GDP book review: The GDP puzzle

Published: February 22, 2015 12:09:53 AM

This book explicates the story of the gross domestic product, making sense of a statistic that appears constantly in the news, but one that few understand

GDP: A Brief But Affectionate History
Diane Coyle
Princeton University Press
Pp 168
THE CHANGE in the GDP figures for the year 2014 fluffs them up considerably. The explanation for this phenomenon is attributable to the change in the base year of computation. National accounts data now build on 2011-12 as the base year for the series over the previous base year of 2004-05. (2012-13 GDP growth old series 4.5%, 2013-14 GDP growth old series 5.5%, 2012-13 GDP growth new series 4.9%, 2013-14 GDP growth new series reflects a growth figure of 6.6%).

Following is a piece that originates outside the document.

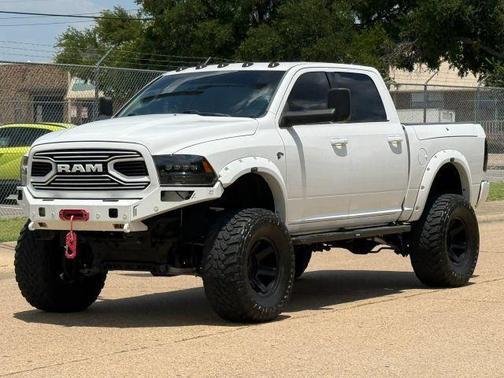 Bright White Clearcoat 2018 RAM 1500 Sport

This seems to suggest that the economic recovery began earlier and is stronger than expected.

The ministry intends to follow international practices and report GDP numbers in terms of market prices, reflecting the demand components, consumption investment, government expenditure and trade. The buzz around the new numbers and the lively debate engendered led me to return to an interesting book that promised answers to the GDP puzzle. The questions the book poses and answers it posits revolve around the esoteric GDP. How did the size of the US economy increase by 3% on one day in mid-2013, or Ghana’s ballooned by 60% overnight in 2010?

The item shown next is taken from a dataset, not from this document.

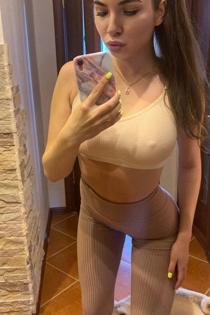 Марина, размер груди третий, +7905 410 1493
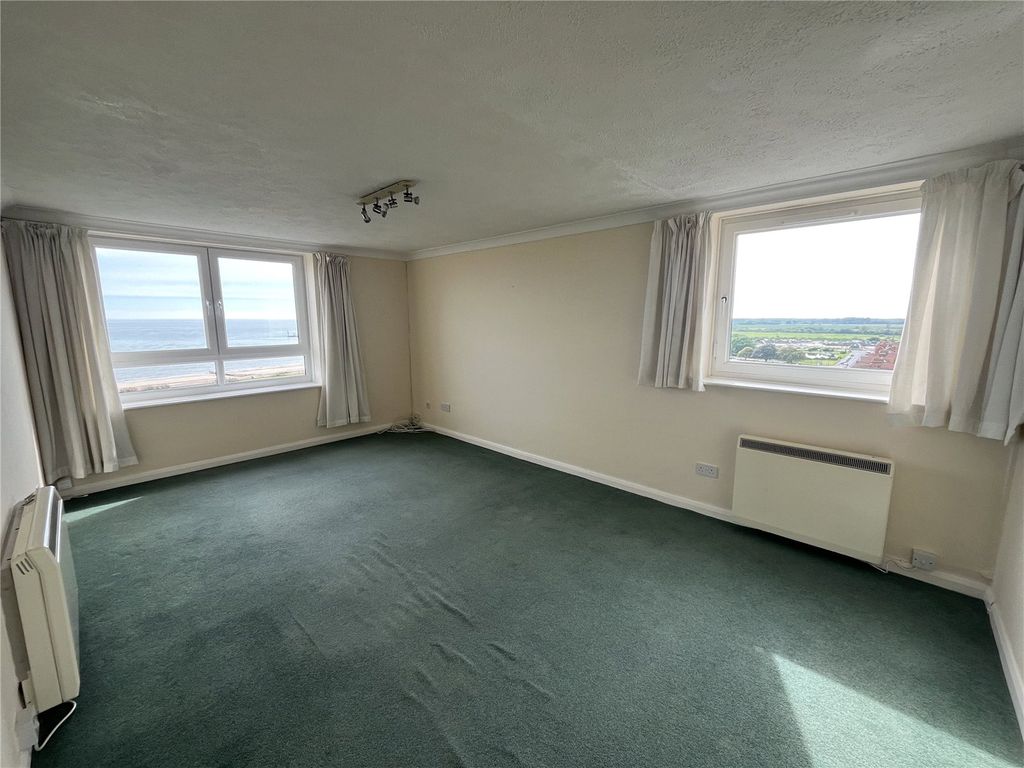 Property photo 3 of 9 Picture No. 26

Why did the UK financial industry show its fastest expansion ever at the end of 2008 just as the rest of the world’s financial systems were seized by rigor mortis? Why was Andreas Georgiou, Greece’s chief statistician, charged with treason in 2013 for doing his job, trying to accurately report the size of his country’s economy? This short and sweet book details answers to all these questions and explicates the story of GDP, making sense of a statistic that appears constantly in the news, business, and politics, in point of fact almost seems to rule our lives—but one that few understand.

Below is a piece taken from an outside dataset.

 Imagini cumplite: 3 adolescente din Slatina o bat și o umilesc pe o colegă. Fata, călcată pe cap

For intellectuals with a historical bent of mind, the book, through its 168 pages and six chapters, traces the development of national accounting from the 17th century to the establishment of GDP and its metaphorical rise and fall in the 20th and 21st centuries. After a brief introduction to the conceptual underpinnings of GDP, chapter one traces the history of national accounting from the 18th century to the 1930s through the sad period of the War and the Depression. Chapter two explores the Golden Age from 1945 to 1975. Chapter three details the legacy of the 1970s, a period mirroring the crisis of capitalism. The next chapter is devoted to the period spanning 1995 to 2005, the new paradigm. Chapters five and six deal with our times, the Great Crash and the future 21st-century GDP. This wraps up the book, though one needs to appreciate the extensive scholarly notes on all the references. It is amazing that in just 168 pages, Diane Coyle provides a synoptic overview tracing the history of this artificial, abstract, complex, but exceedingly important statistic from its 18th- and 19th-century precursors through its invention in the 1940s and its post-war golden age, and then through the Great Crash, coming up to speed to the present. The reader learns why this standard measure of the size of a country’s economy was devised, how it has changed over the decades, and what its strengths and weaknesses are.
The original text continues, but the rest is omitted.